[Web page caption snippets]

++++++++++

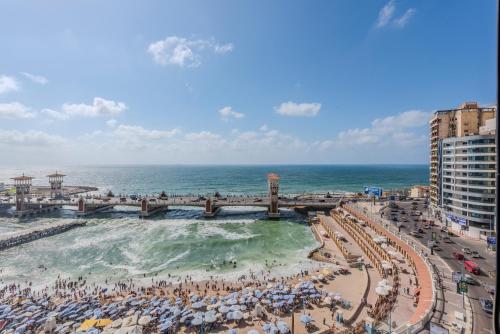 a beach with people and umbrellas and the ocean at Nabeel Homes - Panoramic Seaview Condo in Stanley in Alexandria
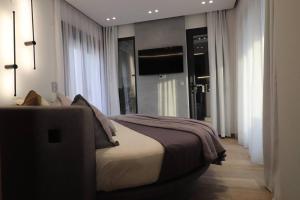 a bedroom with a bed in a room with windows at Skyline Suite&Spa in Thessaloniki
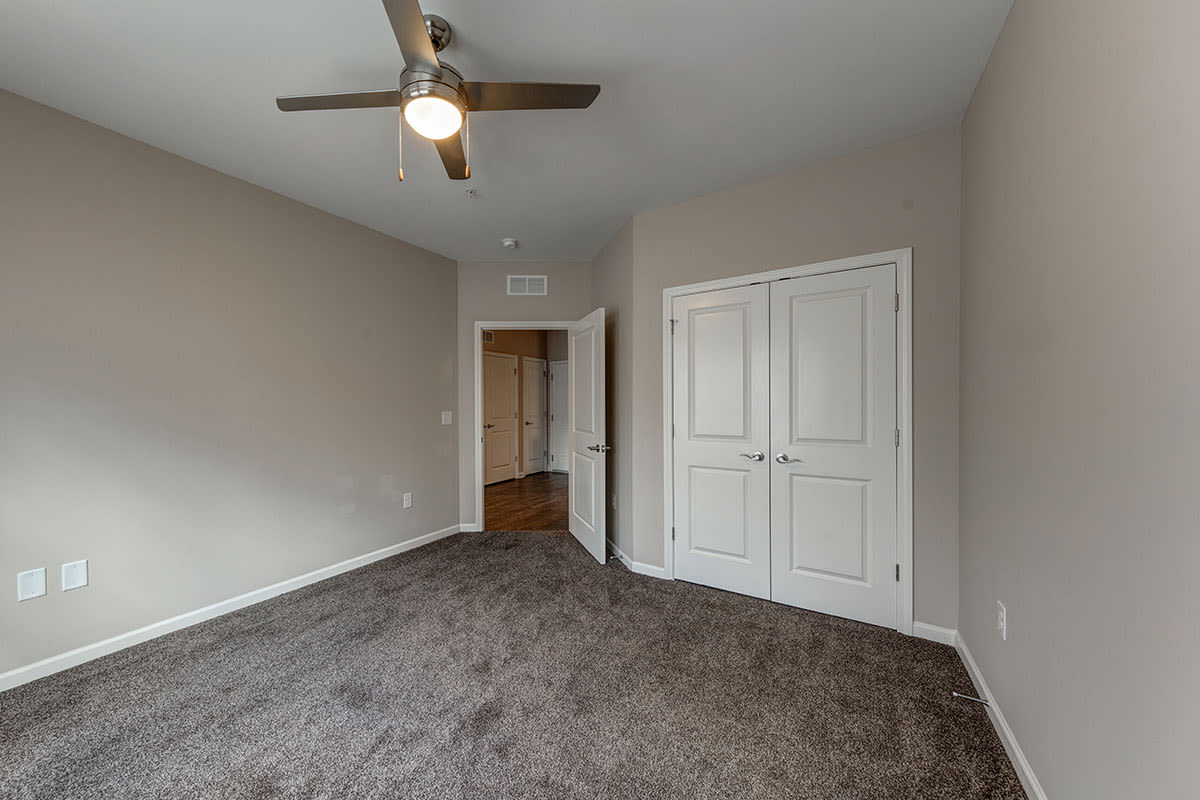 Unfurnished bedroom with a closet at Mallalieu Pointe in East Point. GA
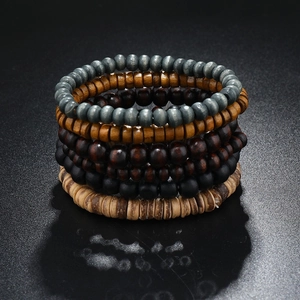 Macro detail of multi-layered elastic wooden bead bracelets in natural brown tones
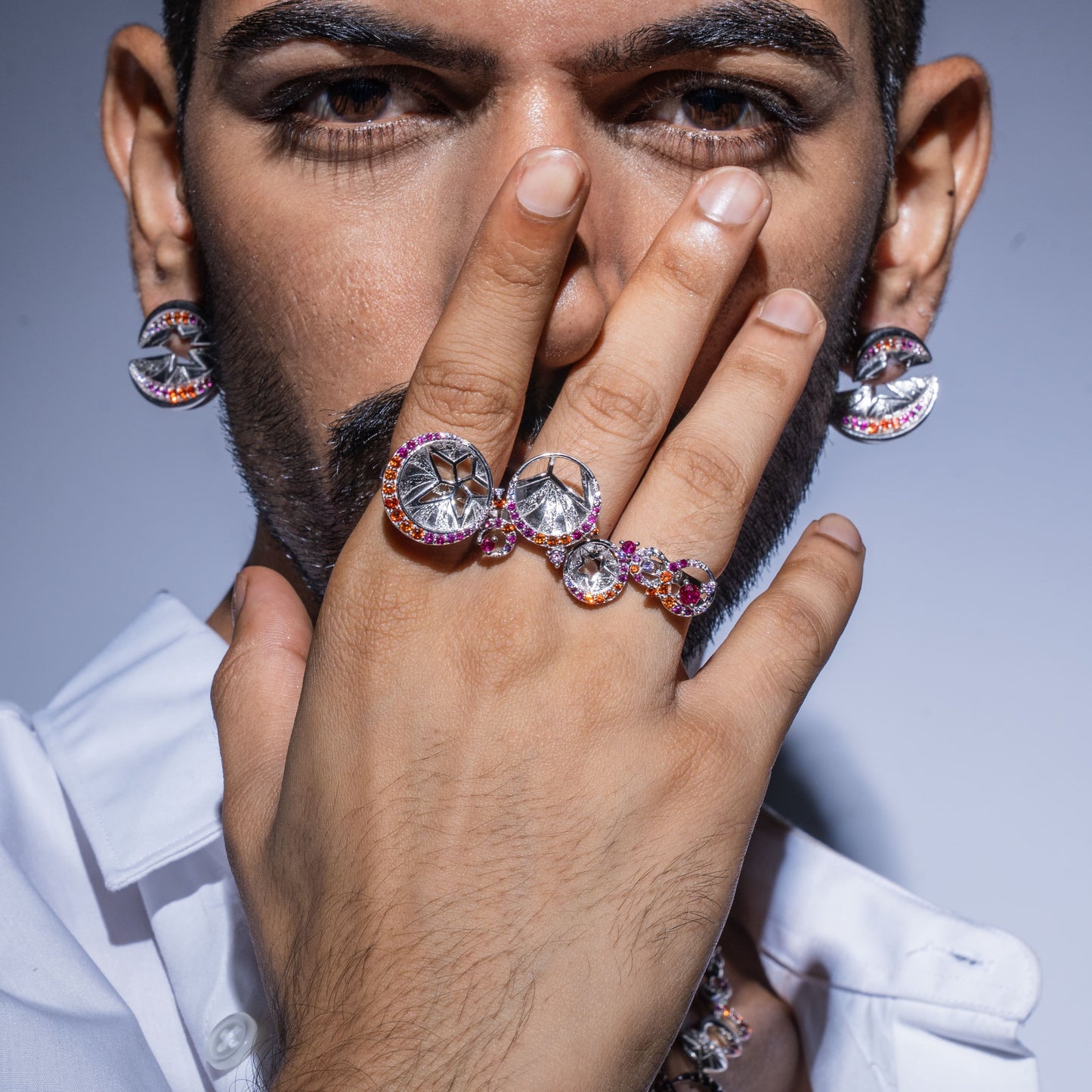 Man wearing a ring with multiple gemstones and earrings on a gray background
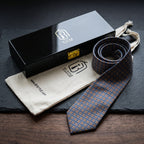Windsor necktie rolled beside the black BT Style Signature gift box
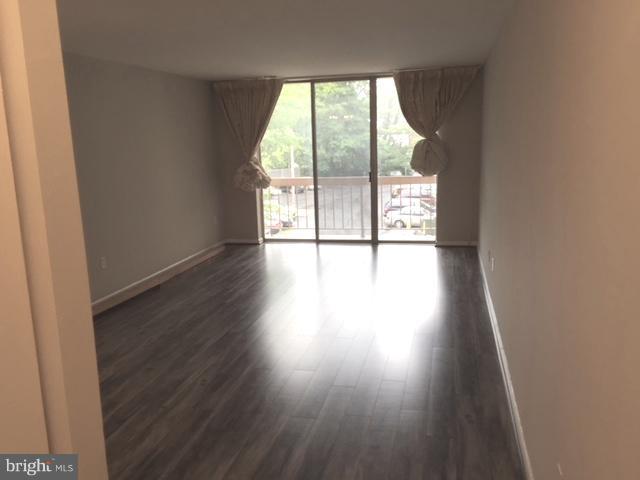 130 Slade Avenue, Unit 302 Baltimore, MD 21208 - Photo 5 of 5 an empty room with wooden floor and glass door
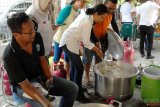 Menteri Badan Usaha Milik Negara (BUMN) Rini Soemarno (tengah) memasak nasi saat berkunjung di dapur umum posko pengungsian di halaman Kantor PLN Palu, Sulawesi Tengah, Rabu (3/10/2018). Kunjungan tersebut untuk memantau ketersediaan BBM, Listrik dan beberapa posko pengungsian korban gempa bumi Palu dan Donggala yang didirikan oleh sejumlah BUMN seperti Pertamina, PLN dan Telkom. ANTARA FOTO/Abriawan Abhe/hp.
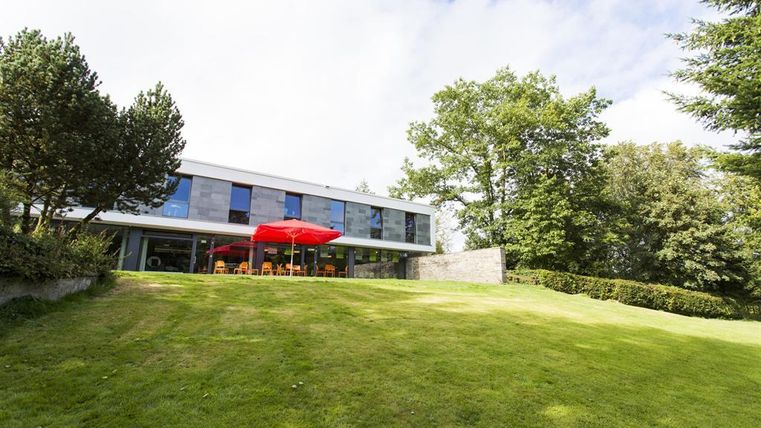 Ein modernes Haus auf einer grünen Wiese, umgeben von Bäumen. Im Vordergrund steht ein roter Sonnenschirm über einem Sitzbereich.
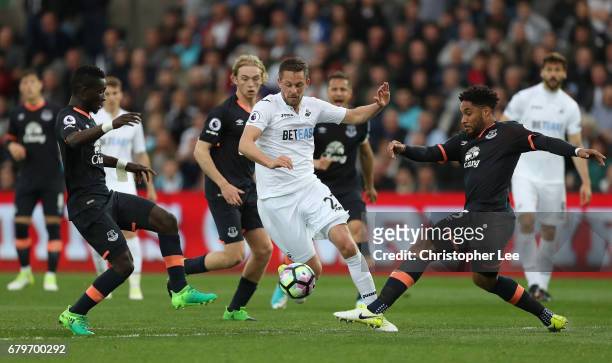 Gylfi Sigurdsson of Swansea City attempts to get past Ashley Williams of Everton and Idrissa Gueye of Everton during the Premier League match between...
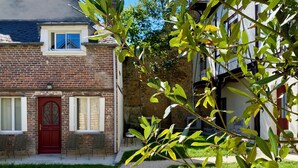A brick building with a red door, a window with shutters, and a small garden area with a gravel path. - La grange à grains (Château-Renard)
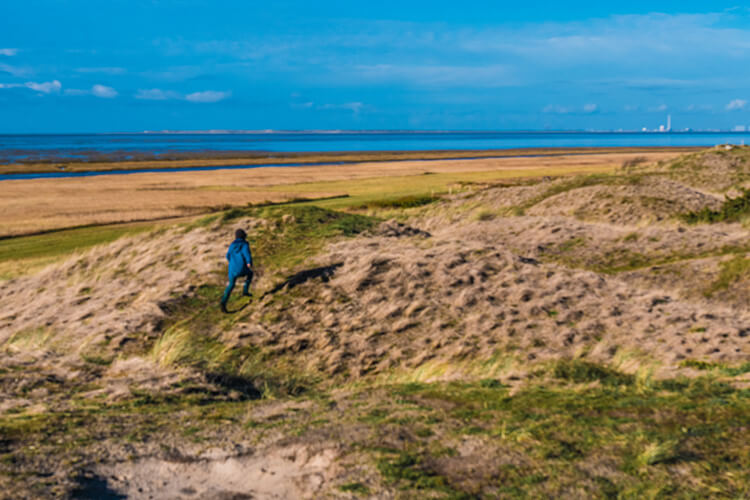 Kind in blauer Jacke läuft über bewachsene Dünen mit Blick auf das Meer und einen blauen Himmel.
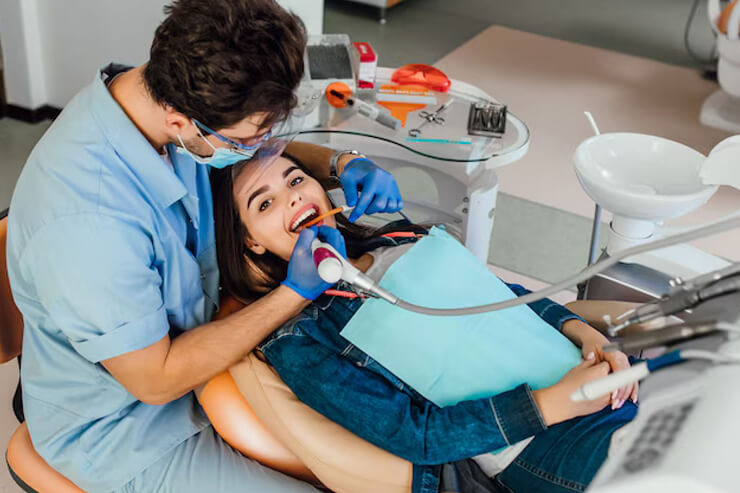 a dentist is checking a lady's teeth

++++++++++

* TASK DESCRIPTION:
An exact copy of the lines above from the one with "Windsor necktie rolled" up to and including the one with "130 Slade Avenue, Unit" is required; reproduce only those lines, omitting all pictures.

* SOLUTION:
Windsor necktie rolled beside the black BT Style Signature gift box
 130 Slade Avenue, Unit 302 Baltimore, MD 21208 - Photo 5 of 5 an empty room with wooden floor and glass door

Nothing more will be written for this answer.